By ,
Published January 13, 2015
Computer Associates International Inc. (CA), one of the largest U.S. software makers, Thursday posted a lower quarterly profit due to higher compliance-related costs and tax expenses.
The company, which emerged from a long-running accounting scandal last year, said it is likely to defer the filing of its annual report for up to 15 days. It is also changing the way it records stock option expenses that would increase costs.
Fiscal fourth-quarter net income was $17 million, or 3 cents a share, lower than its year-ago income of $89 million, or 5 cents a share.
Profit excluding items was 20 cents a share, in line with analysts' average estimate of 20 cents, according to Reuters Estimates.

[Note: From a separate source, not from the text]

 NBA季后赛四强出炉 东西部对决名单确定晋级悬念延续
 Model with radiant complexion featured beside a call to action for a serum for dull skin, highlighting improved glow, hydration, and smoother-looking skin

Revenue rose 7 percent to $910 million. New deferred subscription revenue (search), a closely watched item that indicates new business signed in the quarter, increased 84 percent to $1.54 billion.
Computer Associates expects fiscal first-quarter profit, excluding items, of 21 cents to 22 cents a share, net income of 10 cents to 11 cents a share and revenue of $910 million to $930 million.
It anticipates fiscal 2006 profit, excluding items, of 90 cents to 95 cents a share, net income of 46 cents to 51 cents a share and revenue of $3.8 billion to $3.9 billion.
The estimates are weaker than analysts' average forecasts of first-quarter profit, excluding items, of 23 cents a share on revenue of $931.7 million and full-year profit of 98 cents a share on revenue of $3.87 billion.
CA shares slid to $28.40 in after-market trading from the $28.66 close.